La plupart des acteurs présents à Abidjan ont appelé à trouver une solution contre la sous-tarification qui érode les primes et ne permet pas de faire face aux engagements. L’illustration parfaite des méfaits de cette tendance est le marché ivoirien de l’automobile. « Alors que l’on note 40 000 nouvelles immatriculations en 2017, le chiffre d’affaires de l’assurance automobile a baissé », relève Adama Ndiaye, président de la FANAF. En fait, le marché de l’automobile a en réalité  augmenté de 30%, précise un acteur du marché ivoirien, mais   sans que cela ne traduise la vigueur du marché.

 

Autres volets relevés, le règlement des sinistres (sur ce point, Adama Ndiaye appelle à une vision plus large, prenant en compte sinistres corporels et sinistres matériels), la réduction des frais généraux et la nécessité de  l’augmentation du taux de rétention des sinistres. Les participants ont aussi déploré une fiscalité parfois handicapante. Ainsi, la branche incendie est par exemple taxée à 25% en Côte d’Ivoire, ce qui est élevé. Au Mali, la taxation est de 20% sur la branche maladie, police groupe ou police individuelle, contre 3% en Côte d’Ivoire. Cette axe sur l’assurance maladie est par contre nulle (0%) au Cameroun et au Bénin. L’absence d’harmonisation fiscale est une réalité en zone CIMA.

Au delà des ajustements règlementaires, les acteurs sont unanimes sur le potentiel de développement de leur activité. L’avenir de l’assurance sera digital ou pas. Dans la zone UEMOA (Union économique et monétaire de l’Afrique de l’Ouest), l’on relève un volume de transactions de 7 200 milliards de Francs CFA en 2016 via le mobile money. En zone de la Communauté Economique des Etats de l’Afrique Centrale (CEMAC), l’on note 4 250 milliards de FCFA de transactions via ce canal. A elle seule, la Côte d’Ivoire, enregistre 17 milliards de Franc CFA e transactions par jour. «Nous assureurs, nous ne pouvons pas laisser passer ce jackpot », a insisté  M. Johnson, rappelant les déclarations de l’expert sénéglais Victor Ndiaye, à l’ouverture des assemblées générales de la FANF à Kigali : « quand le vent souffle, certains  construisent des murs, d’autres   des moulins ».
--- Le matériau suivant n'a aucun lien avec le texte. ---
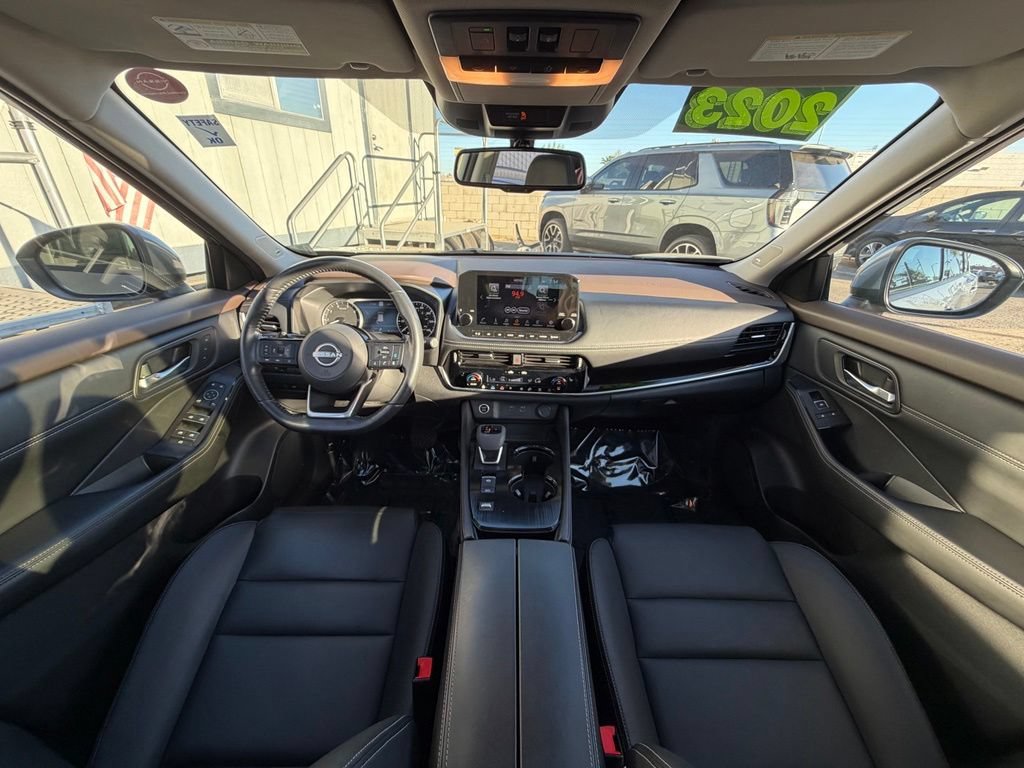 Certified 2023 Nissan Rogue SL w/ SL Premium Package FWD image 15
Apportant sa contribution au débat, Jean Claude Jeanson, président de la Fédération Interafricaine des Assureurs Conseils  (FIAC), a relevé les différentes entraves qui empêchent la diffusion de l’assurance. «Le manque de confiance des populations vient du manque de communication , des écarts de tarification d’une compagnie à l’autre et de  la lenteur du règlement de sinistres ».

Parlant des intermédiaires, M. Jeanson déplore  la souplesse des conditions d’accès au métier de courtiers et la faiblesse de l’expérience professionnelle requise ». Egalement relevé par le président de la FIAC, l’absence de siège social et d’installations représentatives, l’absence de business plan et de plan d’informatisation, la facilité à obtenir la fiche d’honorabilité CIMA pour la délivrance de l’agrément et le manque de suivi des acteurs par le régulateur.

S’agissant de la participation du secteur dans le financement de l’économie, quelques faiblesses sont à relever. Le taux de participation des acteurs dans les emprunts souverains n’excède pas 17% alors que la réglementation leur accorde jusqu’à 50%, rappelle Adama Ndiaye.

En dépit de cette étonnante frilosité vis-à-vis des titres d’Etat, frilosité relevée en coulisses par Adama Koné, ministre ivoirien des Finances, les placements des compagnies d’assurance  dans les économies de la zone atteignent 2 000 milliards de FCFA en 2016 selon les déclarations du Secrétaire général de la Conférence interafricaine des marchés d’assurances (CIMA), Issofa N’charé, à l’ouverture des travaux des états généraux de l’assurance. Un volume honorable à rapporter au chiffre d’affaires du secteur, soit 1100 milliards de FCFA, en 2016.